The home side’s fightback was inevitable, even though the visitors had completely commanded the opening period as they set about annexing a horror run at Old Trafford that stretched back to 1989 and 26 matches, 22 of which had been lost.
There has been a growing fluency to Tottenham’s football after the early teething problems under Villas-Boas, when they collected just two points from their opening three fixtures.
Whatever the masses think of the Portugese, he doesn’t do fear and it was apparent in the confident manner his team set about their evening’s work.
Spurs kept the ball for a minute-and-a-half before converted central defender Vertonghen made a break forward from his left-back berth. Cutting inside, he shared a crisp one-two with Bale before surging into an ocean of space and having a pop with his right foot from inside the area. His shot was no better than reasonable but a deflection off Jonny Evans’ hand wrong-footed Anders Lindegaard and put the visitors a goal up.

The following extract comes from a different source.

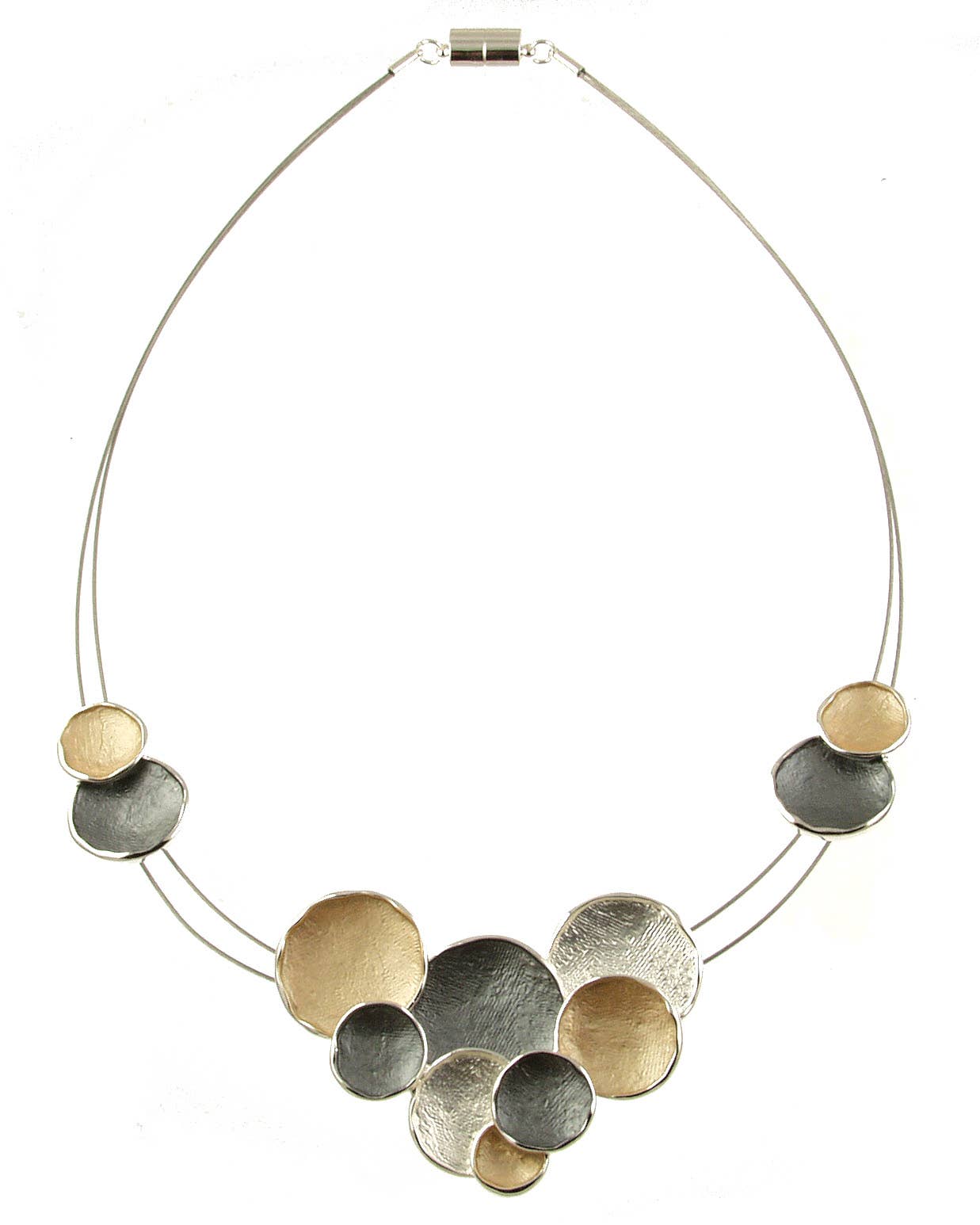 Multi Circle "Tiny Bubbles" Necklace with Magnetic Closure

For the fifth time in six league matches this season, United had conceded the first goal and it was the least the visitors’ excellent opening spell deserved.
Mousa Dembele and Sandro controlled the midfield against Paul Scholes and Michael Carrick, and Spurs’ passing was sharper and more confident.
After 21 minutes, the impressive Vertonghen had a good opportunity to double his own tally and put his team in the rare territory of being favourites to win at Old Trafford. The £8million summer signing from Ajax was unmarked in the box when Bale rifled over a free-kick from the right flank but he couldn’t get over the ball and sent his header over the bar.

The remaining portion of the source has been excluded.